The Labor Department released a solid jobs report last Friday, with non-farm payrolls rising by 271,000 and wages rising at the fastest rate since 2009. Does this translate into a December interest rate hike by the Federal Reserve?
Before we attempt to answer this question, let’s go back a few weeks to the most recent Federal Open Market Committee meeting. Here is an excerpt from the Oct. 28 FOMC minutes:
The Committee anticipates that it will be appropriate to raise the target range for the federal funds rate when it has seen some further improvement in the labor market and is reasonably confident that inflation will move back to its 2 percent objective over the medium term.
Last week’s jobs report certainly falls under the category of “further improvement” and there is a statement elsewhere in the same minutes that “the Committee expects inflation to rise gradually toward 2 percent over the medium term.”
Although the door appears wide open for a rate hike in December, the Fed still gives itself an escape window in stating that “even after employment and inflation are near mandate-consistent levels, economic conditions may, for some time, warrant keeping the target federal funds rate below (normal) levels.”
Therefore, the logical expectation, barring any surprises in the labor markets or worsening market conditions, is that we will see a quarter-point increase in the federal funds rate at the December Fed meeting.
What Fed Committee Members Are Saying
Since the last FOMC meeting – and especially after last week’s jobs report – members of the Fed appear to be publicly telegraphing their signal that rates will be rising:
- Janet Yellen: In testimony before the House Financial Services Committee in Washington, Fed Chairwoman Yellen said a December rate hike would be a “live possibility” if economic conditions continue to support potential for higher inflation over time.
- Dennis Lockhart: Atlanta Fed leader Lockhart said “I expect to see a subsiding of the risks that appropriately led, in my opinion, to a policy hold in September and October,” he said, according to Bloomberg. “I think the case for liftoff will continue to firm up.”

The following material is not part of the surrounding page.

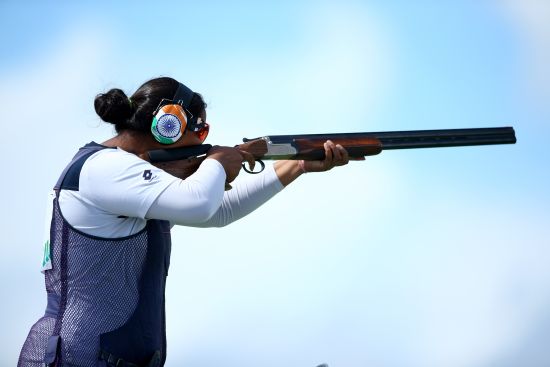 Shreyasi Singh of India in action during the Women's Double Trap final at Barry Buddon Shooting Centre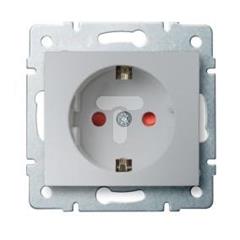 DOMO Gniazdo pojedyncze Schuko ochrona styków śrubowe 16A 250V srebrny 011240143 24852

- John Williams: The president of the Federal Reserve Bank of San Francisco said, “With the unemployment rate now at 5 percent, we’ve reached my estimate of full employment based on that measure.” Williams added that the U.S. should “reach or exceed full employment across a broad set of measures by the end of this year or early next year,” according to Bloomberg.
Although the October minutes, last week’s labor report and the subsequent comments from Fed members appear to reveal that a rate hike is coming in December, a tone that can be described as cautiously optimistic accompanies these statements wherever and whenever they are made.
And while the Fed strives to achieve clarity in its monetary policy, the first rate hike in nine years will not be an easy one to make.
What does all this mean for investors? The best perspective is likely to take the long view and not to take any short-term bets on interest rate-sensitive securities.
Kent Thune is the owner of an investment advisory firm in Hilton Head Island, S.C. Under no circumstances does this information represent a recommendation to buy or sell securities.